The New Nation, Bangladesh

FTA with neighbours


21 July 2005

THE Ministry of Commerce has decided to engage consultants to conduct a study and identify benefits and possible risks of signing bilateral trade agreements like Free Trade Agreement (FTA) with neighbouring countries. Free trade agreement is for allowing barrier-free trade among nations in the era of globalisation. FTA has both positive and negative effects on the domestic industrial sector of any country. If the bad effects outweigh the good ones then FTA should not be implemented in the greater interest of the country. Notably, the multilateral South Asia Free Trade Agreement (SAFTA) is supposed to be launched from January 2006 within the SAARC region.

Bangladesh needs to have certain principles based on correct evaluation to support the industrial sector before implementing SAFTA. Whether it will sign bilateral free trade agreements with all its neighbouring countries is a very important question at the moment. All the countries in the South Asian Association for Regional Cooperation (SAARC) may not prove to be beneficial to Bangladesh if it engages in trade with them through SAFTA. A thorough study is thus needed to be certain about the prospects and risks of FTA with neighbouring countries. The ministry has taken a good decision to engage consultants to do the study.

Usually various types of tax barriers are created on imports to protect domestic industries with a view to saving those from external shocks though it is contrary to the globalisation concept. There are many industries in Bangladesh, which are not as strong as those in India. Indian poultry industry is very strong. Indian eggs, chicks, and poultry feeds are cheaper than Bangladeshi ones because of the strength of poultry industry there. If FTA is implemented between the two countries, the poultry industry in Bangladesh will be all but destroyed. Most of the investors in the poultry industry will then be compelled to either shut down their units or start marketing Indian poultry products.
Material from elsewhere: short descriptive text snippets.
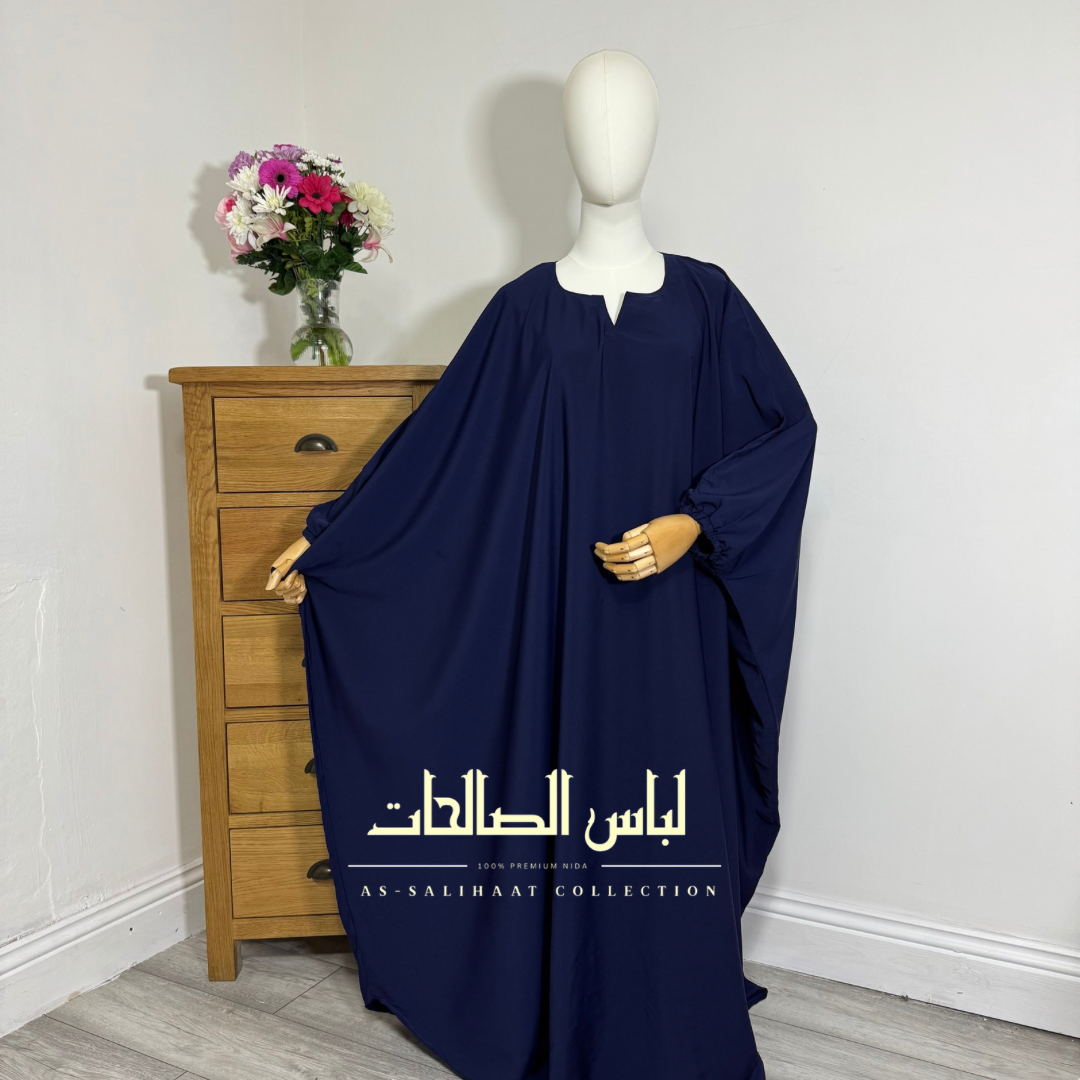 Navy 2pc Set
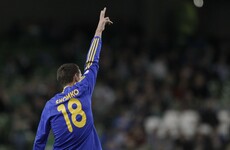 Fans to be given chance to select new coach for Kazakhstan's national team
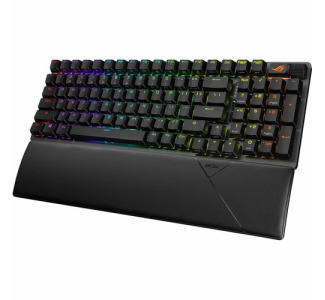 Asus ROG Strix Scope II 96 Wireless Gaming Keyboard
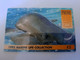 GREAT BRITAIN   2 POUND  /  WHALE /DOLPHIN     /    DIT PHONECARD    PREPAID CARD      **12129** - Collections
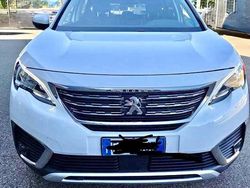 Bianco Usata 2019 Peugeot 5008 GT-line Monovolume | 14.000 € (Super prezzo)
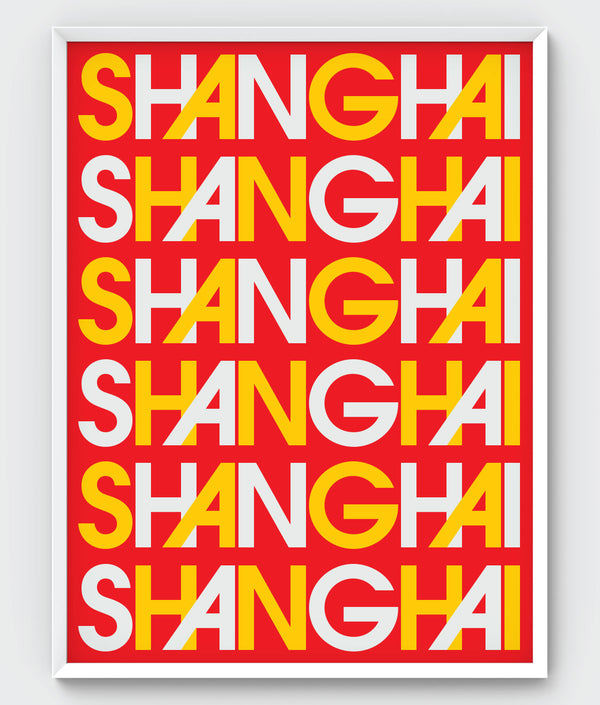 Shanghai 2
To protect the domestic industries from external shocks Bangladesh has to take intelligent decisions in respect of implementation of FTA with SAARC nations. The country needs to effectively utilise the findings of the study to be able to benefit from SAFTA. Calculated steps are needed before allowing free trade in areas where FTA may not prove useful. The study being undertaken by the Ministry of Commerce needs to clearly identify the net effects of FTA with different SAARC nations. It should be precise enough in proper identification of benefits as well as risks. The ministry needs to take all steps with a view to ensuring accuracy of findings of such an important study.